I walked off the peds hem/onc unit Saturday at 1930 and felt sad, excited, and wistful. It was an incredible senior capstone – better than anything I could have imagined for myself – and it was bittersweet to say goodbye.

It was also somewhat anticlimactic, as my last days of clinical have always been. I’m realizing that that’s just the breaks of being a nursing student. You have this amazing, transformative experience, laugh a little, cry a little, learn how to be a nurse. And then you leave, and life goes on without you. Perish the thought. 🙂

The muffins and Starbucks coffee were a hit. I believe one nurse’s comment was, “You’re hired!” If only…

So the next time I walk onto a hospital unit in uniform, it will be as an RN. Now THAT’s a terrifying thought. Do I feel ready? Hell to the NO.

Is that normal? Absolutely. After all, the NCLEX is assessing our “minimal competence” to be a nurse. If I hear that one more time from a professor, I think I will need an emesis basin. I am expecting to feel completely lost and overwhelmed on Day 1. Probably til the end of Year 1. But that’s okay. It’s part of the journey. I’ll muddle through and come out on the other end with a lot of learning experiences (and a lot of great stories for this blog).

My last few days at clinical were spent caring for a kiddo with an immune deficiency disorder. I cared for him a lot throughout my rotation, and I have to say he was just about the cutest little guy ever.

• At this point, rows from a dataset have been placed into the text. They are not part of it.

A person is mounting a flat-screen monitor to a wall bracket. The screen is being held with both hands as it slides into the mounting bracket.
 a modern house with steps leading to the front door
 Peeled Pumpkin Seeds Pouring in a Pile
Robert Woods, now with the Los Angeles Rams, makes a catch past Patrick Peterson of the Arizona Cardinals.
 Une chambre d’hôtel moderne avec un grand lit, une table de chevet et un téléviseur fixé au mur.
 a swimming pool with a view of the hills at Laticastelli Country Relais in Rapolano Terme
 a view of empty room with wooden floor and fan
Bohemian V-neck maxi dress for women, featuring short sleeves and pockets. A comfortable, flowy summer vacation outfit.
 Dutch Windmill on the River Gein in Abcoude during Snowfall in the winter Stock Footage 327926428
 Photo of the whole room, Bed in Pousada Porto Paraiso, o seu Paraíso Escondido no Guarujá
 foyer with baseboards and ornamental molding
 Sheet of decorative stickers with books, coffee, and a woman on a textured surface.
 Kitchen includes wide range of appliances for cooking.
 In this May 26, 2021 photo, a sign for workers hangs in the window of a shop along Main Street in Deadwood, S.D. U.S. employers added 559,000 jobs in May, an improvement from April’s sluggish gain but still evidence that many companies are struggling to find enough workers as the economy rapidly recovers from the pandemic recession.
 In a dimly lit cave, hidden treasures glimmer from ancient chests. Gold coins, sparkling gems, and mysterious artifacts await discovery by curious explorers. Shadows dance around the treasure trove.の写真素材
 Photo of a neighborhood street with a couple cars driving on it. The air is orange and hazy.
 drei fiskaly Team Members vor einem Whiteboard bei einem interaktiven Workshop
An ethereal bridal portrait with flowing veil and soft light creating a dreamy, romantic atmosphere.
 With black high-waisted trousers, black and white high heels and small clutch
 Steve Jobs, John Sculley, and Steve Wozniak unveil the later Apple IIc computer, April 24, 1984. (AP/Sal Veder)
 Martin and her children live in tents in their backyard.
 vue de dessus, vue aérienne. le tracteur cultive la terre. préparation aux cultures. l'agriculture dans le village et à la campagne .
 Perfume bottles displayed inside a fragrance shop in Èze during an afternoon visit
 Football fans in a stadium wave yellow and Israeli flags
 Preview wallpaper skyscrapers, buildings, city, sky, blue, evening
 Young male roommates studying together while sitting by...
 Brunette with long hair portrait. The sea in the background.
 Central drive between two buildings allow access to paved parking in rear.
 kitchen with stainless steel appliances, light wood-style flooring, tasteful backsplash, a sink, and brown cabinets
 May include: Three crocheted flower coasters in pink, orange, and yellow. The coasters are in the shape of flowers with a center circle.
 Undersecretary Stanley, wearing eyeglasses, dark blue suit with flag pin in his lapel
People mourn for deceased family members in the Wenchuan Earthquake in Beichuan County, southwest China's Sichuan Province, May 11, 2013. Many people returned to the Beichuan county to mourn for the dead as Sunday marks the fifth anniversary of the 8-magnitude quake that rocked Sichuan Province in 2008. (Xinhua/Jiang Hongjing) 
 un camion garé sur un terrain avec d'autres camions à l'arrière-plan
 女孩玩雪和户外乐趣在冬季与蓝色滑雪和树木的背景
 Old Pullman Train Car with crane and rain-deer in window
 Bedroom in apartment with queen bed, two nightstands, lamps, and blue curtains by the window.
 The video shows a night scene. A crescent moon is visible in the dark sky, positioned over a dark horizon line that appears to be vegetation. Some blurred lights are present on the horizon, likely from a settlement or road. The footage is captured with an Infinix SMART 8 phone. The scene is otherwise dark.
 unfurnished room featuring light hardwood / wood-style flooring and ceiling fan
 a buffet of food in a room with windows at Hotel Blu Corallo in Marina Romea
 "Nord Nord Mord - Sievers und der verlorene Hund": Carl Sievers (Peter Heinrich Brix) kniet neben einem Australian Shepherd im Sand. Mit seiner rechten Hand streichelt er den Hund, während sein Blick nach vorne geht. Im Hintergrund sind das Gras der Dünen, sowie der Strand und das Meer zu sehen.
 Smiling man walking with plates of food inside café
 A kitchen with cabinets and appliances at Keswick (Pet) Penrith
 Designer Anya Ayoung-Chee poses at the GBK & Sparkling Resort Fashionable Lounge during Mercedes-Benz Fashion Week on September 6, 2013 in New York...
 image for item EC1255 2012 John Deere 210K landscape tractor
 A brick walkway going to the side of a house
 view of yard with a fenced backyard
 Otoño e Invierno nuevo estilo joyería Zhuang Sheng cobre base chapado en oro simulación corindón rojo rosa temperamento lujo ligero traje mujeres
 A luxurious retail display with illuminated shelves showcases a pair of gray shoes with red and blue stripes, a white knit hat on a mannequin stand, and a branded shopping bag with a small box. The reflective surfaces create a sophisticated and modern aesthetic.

It breaks my heart because there seem to be miscommunications along the way. I don’t think they’ve purposely lied, but they certainly haven’t been upfront about his situation. They’ve just micro-managed each setback with new procedures, and new medications, and new transfusions, without thinking about the big picture.

Part of the reason it bothers me so much is because it’s eerily familiar. It reminds me a little too much of my family’s own experience with an oncologist who wouldn’t go there and say the words “Your dad is dying.” Our nurse was the one who spoke up, the morning before he went into a coma. So I know there’s a little counter-transference going on and I have to be careful about not taking this case personally.

But it’s also the exact reason I want to do peds palliative care. So I can advocate for kiddos before it’s too late. Most pediatric patients who wind up in hospice are only there for a few weeks or days or hours, because people wait so long and the kids suffer for WAY too long.

I also want to advocate for palliative care not only being about the end of life. “Palliative” means to alleviate suffering. Sick children suffer way before they die. So why not involve palliative care experts at the time of diagnosis, and address symptom and pain management from the beginning, regardless of whether the story ends in cure or death? It’s time to debunk the myth that palliative care equals hospice.

It’s also time to contest the notion that hospice equals “giving up.”

It’s not a battle you win or lose, folks. It’s the circle of life. We are born, we live, we die. Sometimes the journeys are shorter than we want them to be. It’s tragic, and unfair and oh so painful. But taking care of the people we love, helping them not to suffer and letting them die where they want, surrounded by the people they love, is not giving up. It’s showing how much they mean to us.

I’ll get off my soapbox now. But I’m fired up and I’m more committed than ever to the path I’ve begun to travel.